METHODS ECG-telemetered C57BL/6J mice were exposed to filtered air (FA) or e-cig aerosols from propylene glycol and vegetable glycerin solvents either without nicotine (vehicle) or with increasing nicotine concentrations (1%, 2.5%, and 5%) for three 9-min puff sessions per concentration. Spontaneous ventricular premature beat (VPB) incidence rates, heart rate, and heart rate variability (HRV) were compared between treatments. Subsequently, to test the role of β1-adrenergic activation in e-cig-induced cardiac effects, mice were pretreated with atenolol and exposed to either FA or 2.5% nicotine salt.
RESULTS During puffing and washout phases, ≥ 2.5% racemic nicotine reduced heart rate and increased HRV relative to FA and vehicle controls, indicating parasympathetic dominance. Relative to both controls, 5% nicotine salt elevated heart rate and decreased HRV during washout, suggesting sympathetic dominance, and also increased VPB frequency. Atenolol abolished e-cig-induced elevations in heart rate and declines in HRV during washout, indicating e-cig-evoked sympathetic dominance is mediated by β1-adrenergic stimulation.

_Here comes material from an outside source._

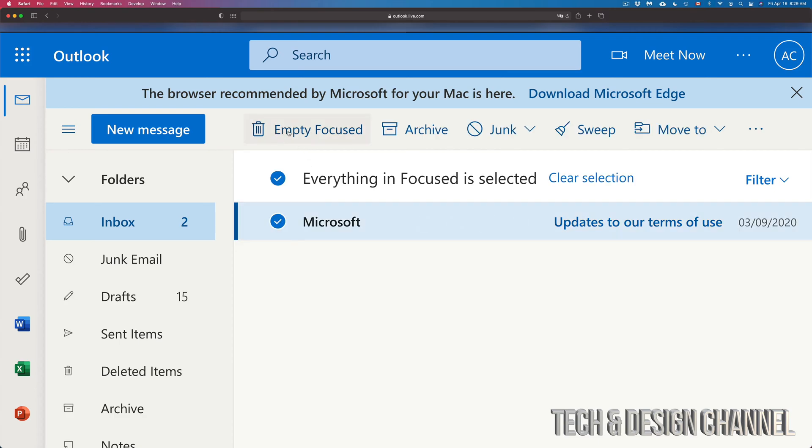Once we click on a check mark up here, we're going to get these selections. We can move this and just delete it, or move it to junk, or move it somewhere else that we'd like. So we have a couple of options. In this video it's all about deleting.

CONCLUSIONS Our findings suggest that inhalation of e-cig aerosols from nicotine salt-containing e-liquids could increase the cardiovascular risks of vaping by inducing sympathetic dominance and cardiac arrhythmias.

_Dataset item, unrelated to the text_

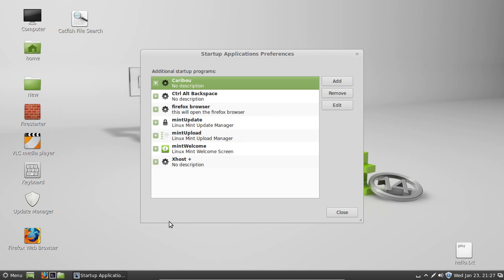From that point, you can see actually what's a startup application. Now, if you want to add a new one, just click Add.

IMPLICATIONS Exposure to e-cig aerosols containing commercially relevant concentrations of nicotine salts may increase nicotine delivery and impair cardiac function by eliciting β1-adrenoceptor-mediated sympathoexcitation and provoking ventricular arrhythmias. If confirmed in humans, our work suggests that regulatory targeting of nicotine salts through minimum pH standards or limits on acid additives in e-liquids may mitigate the public health risks of vaping.